----- PROVIDED MATERIAL -----
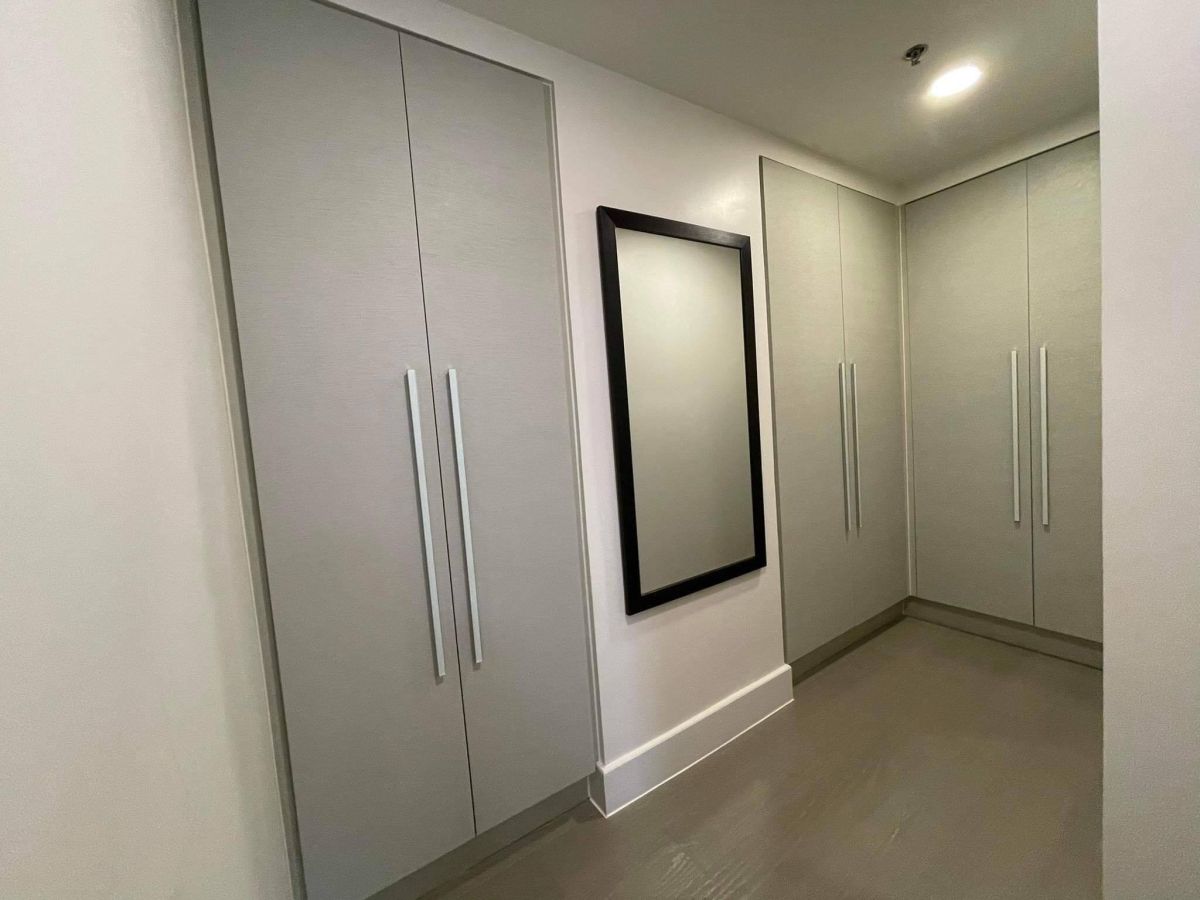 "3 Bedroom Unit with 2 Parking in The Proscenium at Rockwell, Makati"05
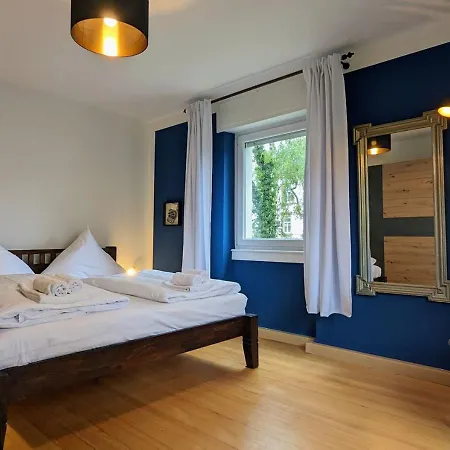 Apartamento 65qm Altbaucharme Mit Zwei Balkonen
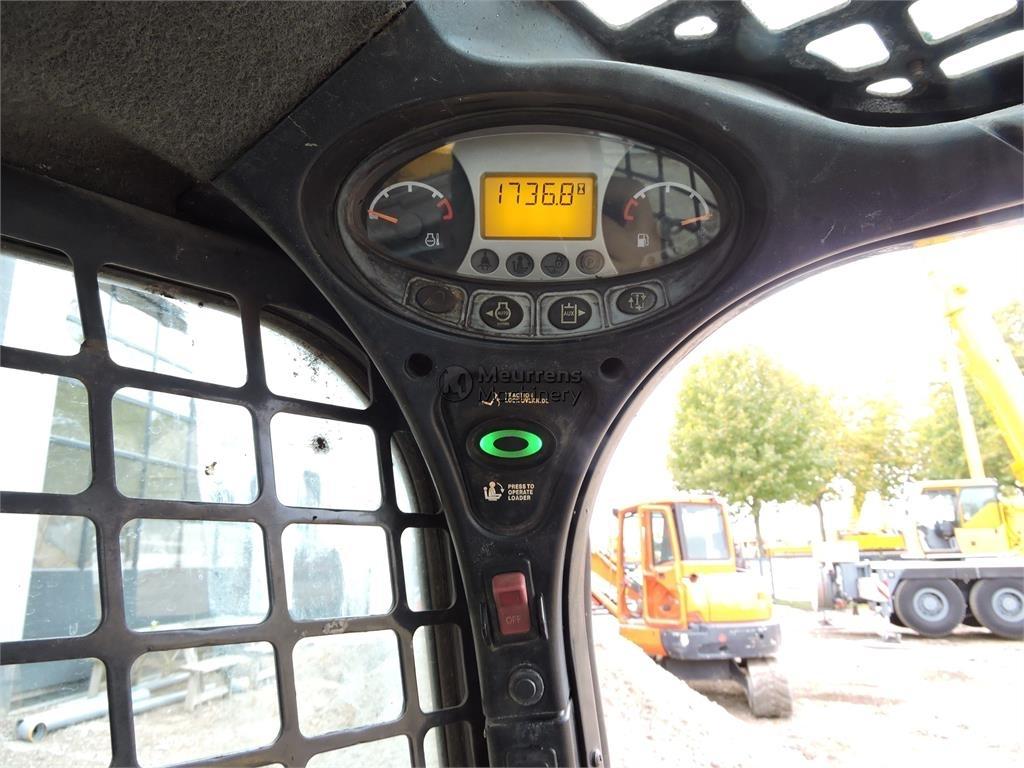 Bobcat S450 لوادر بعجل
-----
----- PROVIDED MATERIAL -----
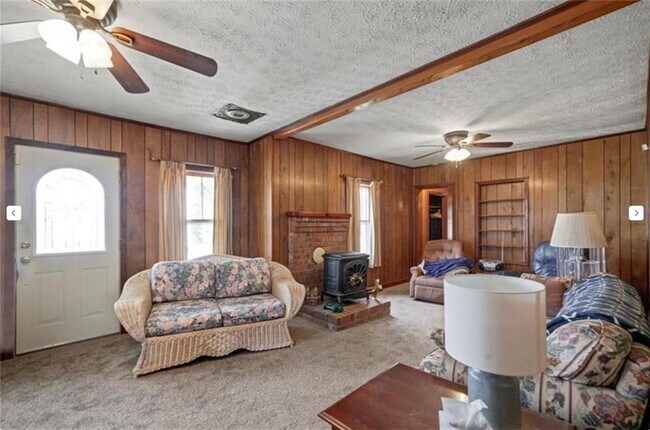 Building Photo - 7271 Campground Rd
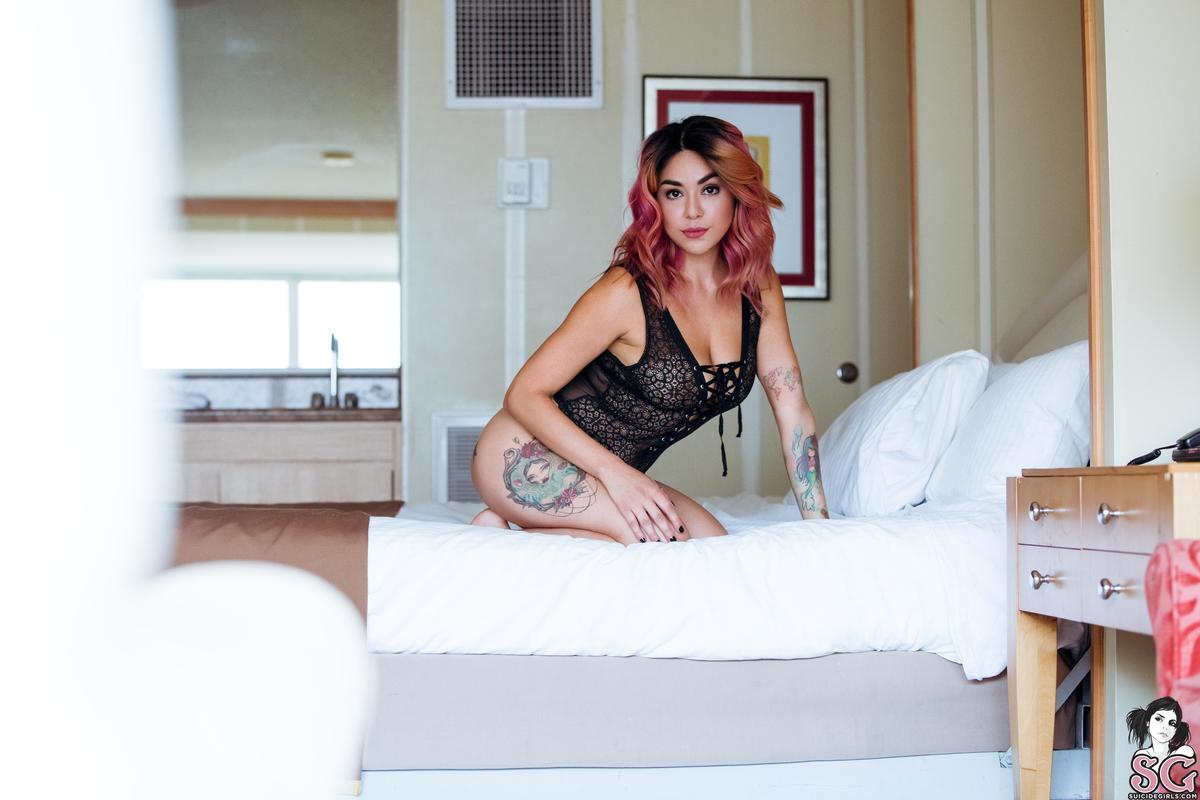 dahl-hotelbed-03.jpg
-----
*TASK GOAL*
Transcribe, word for word, the lines of the listing above from the one that contains "Bedroom Unit with" through the one that contains "Bobcat S450 لوادر بعجل", keeping both ends and dropping the pictures.

*ANSWER TO THE PROBLEM*
 "3 Bedroom Unit with 2 Parking in The Proscenium at Rockwell, Makati"05
 Apartamento 65qm Altbaucharme Mit Zwei Balkonen
 Bobcat S450 لوادر بعجل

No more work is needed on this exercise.